Although the evidence at this point is just anecdotal and the final numbers have yet to be tabulated, it is believed that during the week of Feb. 6, credit union executives caused the sale of aspirin and other pain relievers to measurably spike.
Careful now, because I don't want you to inflame or aggravate an old injury, but that's the week Credit Union Journal broke the story on the effort to charter a credit union to serve multi-millionaire professional athletes and their families, leading to an applause-like chorus of forehead slapping by CEOs across Credit Union Land.
"Of course!" thousands of you responded like a well-tuned church choir, simultaneously engaging in aforementioned, Pavlovian open palm to forehead. "Why didn't we think of that? Such a glaringly, obvious market need! Those poor athletes!!!"
An hour later CU leaders were making a stop on the way home to grab a bottle of Tylenol and another bottle best kept in a brown paper bag.
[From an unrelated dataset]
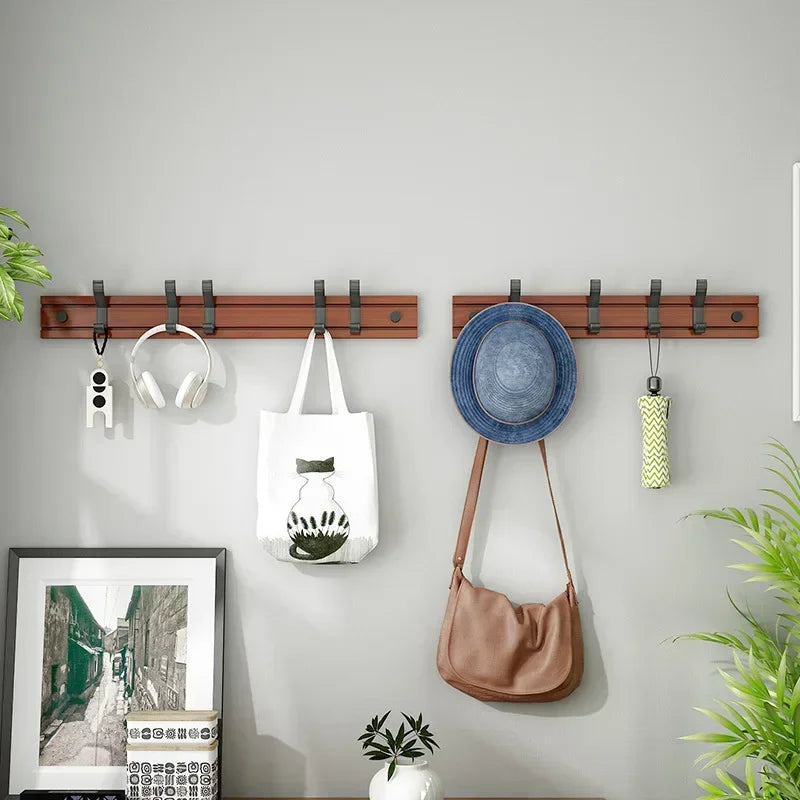 Porte-manteau Mural Bois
How many times in our lives have we read a top-selling business book or watched in (aggravated) amazement on TV as someone shares the story of their ingenious "innovation," so often right there under our noses? The first thing to come to mind, obviously, is the Snuggie, but there are so many other examples I risk a wave of reader head injuries were I to list them.
And now we have the credit union version of the grand, missed opportunity: Serving the Overserved. Enough already with poor people and all their moaning about living paycheck to paycheck; what about dealing with all the pressures of a paycheck that requires an asset manager and two Swiss banks? Ask anyone who's suffered; it's not easy to be in a minority group. Now imagine being in one in which you are just the 1%!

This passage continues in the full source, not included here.